Wednesday, May 18, 2011

HOW MUCH DO STUDENTS RETAIN?

Obviously this applies to those taking chess lessons.

I am always curious as to how much students do remember or understand the lesson that was just taught to them. Very often, examples were shown and explained. However, once the lesson is over, how does the trainer ensure that the lesson just taught was understood?

I usually use the 3 methods to find out:

a. Make them play as soon as possible

b. Give homework and tests

c. Review the same lesson next week for the 1st 15 minutes

There is a constant struggle for the trainer to decide whether to introduce new material or to review older lessons to ensure that the student does understand what has been covered.

Some parents may not be exactly happy that their child has been taught the same lessons over and over and wonder why.
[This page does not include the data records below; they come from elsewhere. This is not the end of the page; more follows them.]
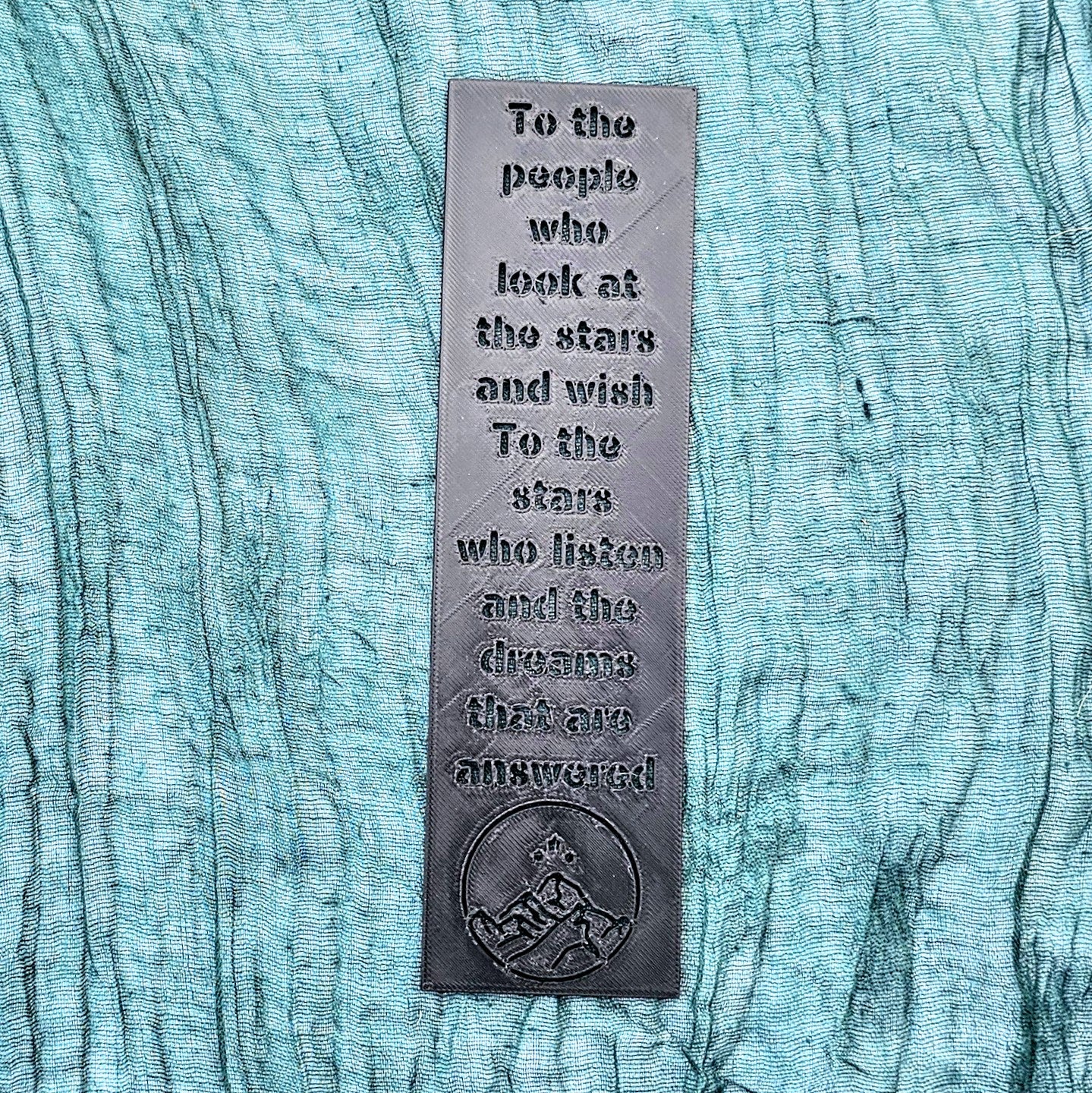 ACOTAR Quote Bookmark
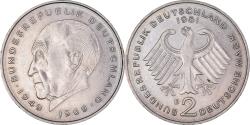 World Coins - Coin, GERMANY - FEDERAL REPUBLIC, 2 Mark, 1981, Munich, , Copper-Nickel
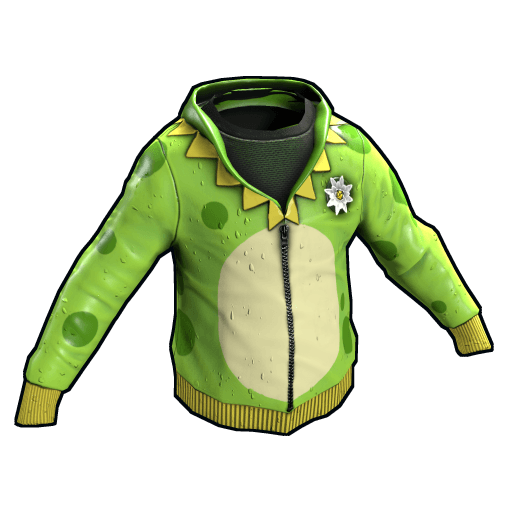 Frog Cosplay Hoodie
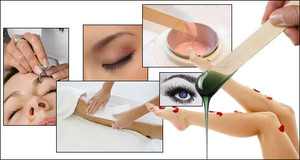 Karen Wilkins Beautician Pic 3 - Waxing Combinations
Generally, the problem is that if students do not attempt to use the knowledge taught and do nothing until the next lesson, what was taught is forgotten and the trainer has to start again from a clean slate. Of course, this is unproductive so I urge parents to try to allocate some time for their children to play and do the homework assigned. At least 5 games a week of 15 minutes will do a lot in helping the student retain the knowledge so that it can be used in their games.
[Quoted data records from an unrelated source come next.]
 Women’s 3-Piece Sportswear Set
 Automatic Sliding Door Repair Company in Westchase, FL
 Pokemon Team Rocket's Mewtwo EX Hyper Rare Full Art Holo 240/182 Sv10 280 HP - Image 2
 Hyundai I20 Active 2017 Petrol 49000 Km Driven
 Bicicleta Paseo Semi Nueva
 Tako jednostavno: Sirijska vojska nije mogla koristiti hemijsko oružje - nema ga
I have just started with a new student and was appalled when he told me that his previous trainer did not give notes. Naturally I asked if he could remember what he was told. The result? Bits and pieces of moves which he could not associate, especially when he claimed that he could not checkmate the King with 2 Bishops because I placed the King on a "wrong" square (apparently he could only do it on the square where his trainer placed the King).

This way of rote learning does no one any good - we cannot be expecting anyone to learn without any notes to remind the student after the trainer has ended the lesson. This is not a chess issue, its a pedagogical one. That is why I am always suspicious how much chess trainers are aware in terms of pedagogy rather than their chess knowledge. To me, if the student cannot fathom the explanations of the trainer and is taught to ask questions, every chess lesson ends up being a monologue and ....blank goes the mind until the next lesson??

Parents, do ask the right questions to your child if he/she truly understands what is taught. You are paying for it and you have every right.